The records below are to be repeated exactly, and their pictures left out.
+++ Given entries +++
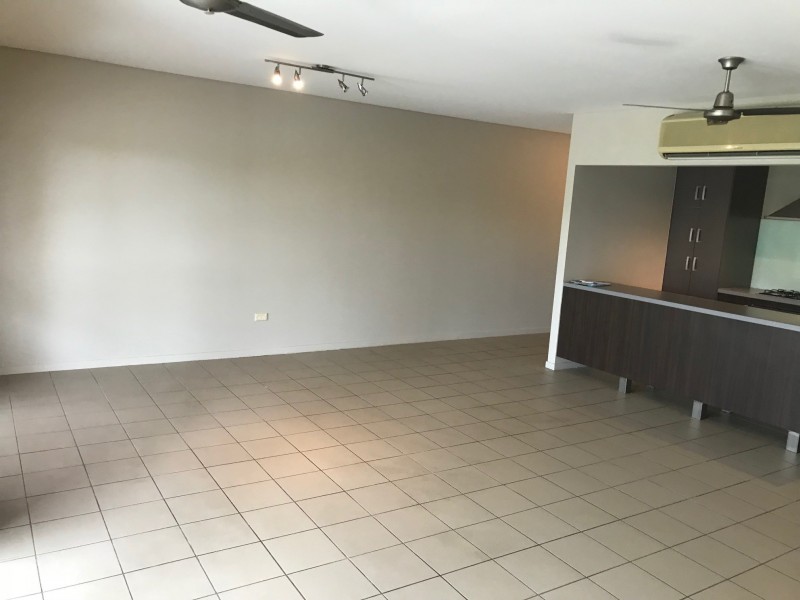 1/237 Riverside Boulevard, Douglas QLD 4814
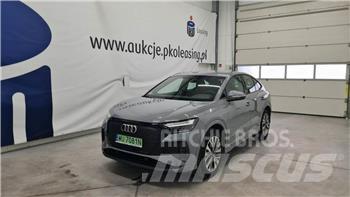 Audi Q4 Automobily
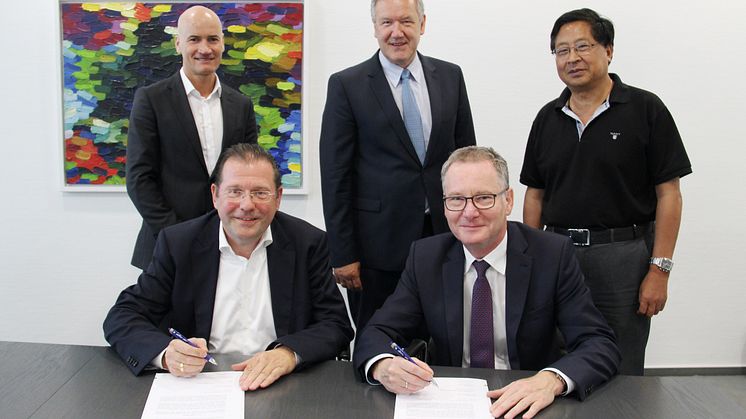 Signing of the agreement - Thomas Rike, Klaus Hengsbach, Roland, Dr Pinsheng Du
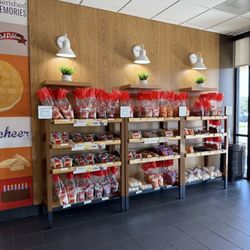 Red Ribbon Bakeshop gift card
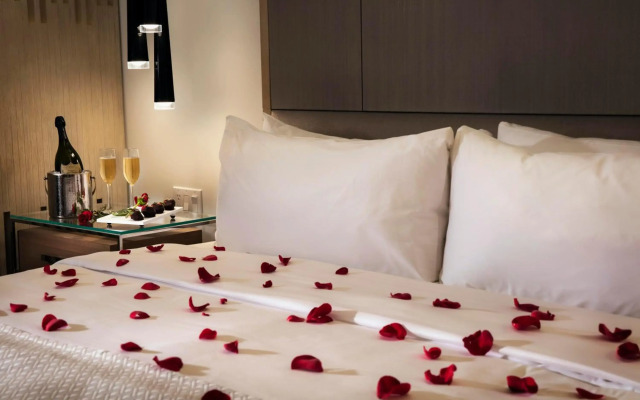 H2O Suites - Adults Only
+++
=== Result ===
 1/237 Riverside Boulevard, Douglas QLD 4814
 Audi Q4 Automobily
 Signing of the agreement - Thomas Rike, Klaus Hengsbach, Roland, Dr Pinsheng Du
 Red Ribbon Bakeshop gift card
 H2O Suites - Adults Only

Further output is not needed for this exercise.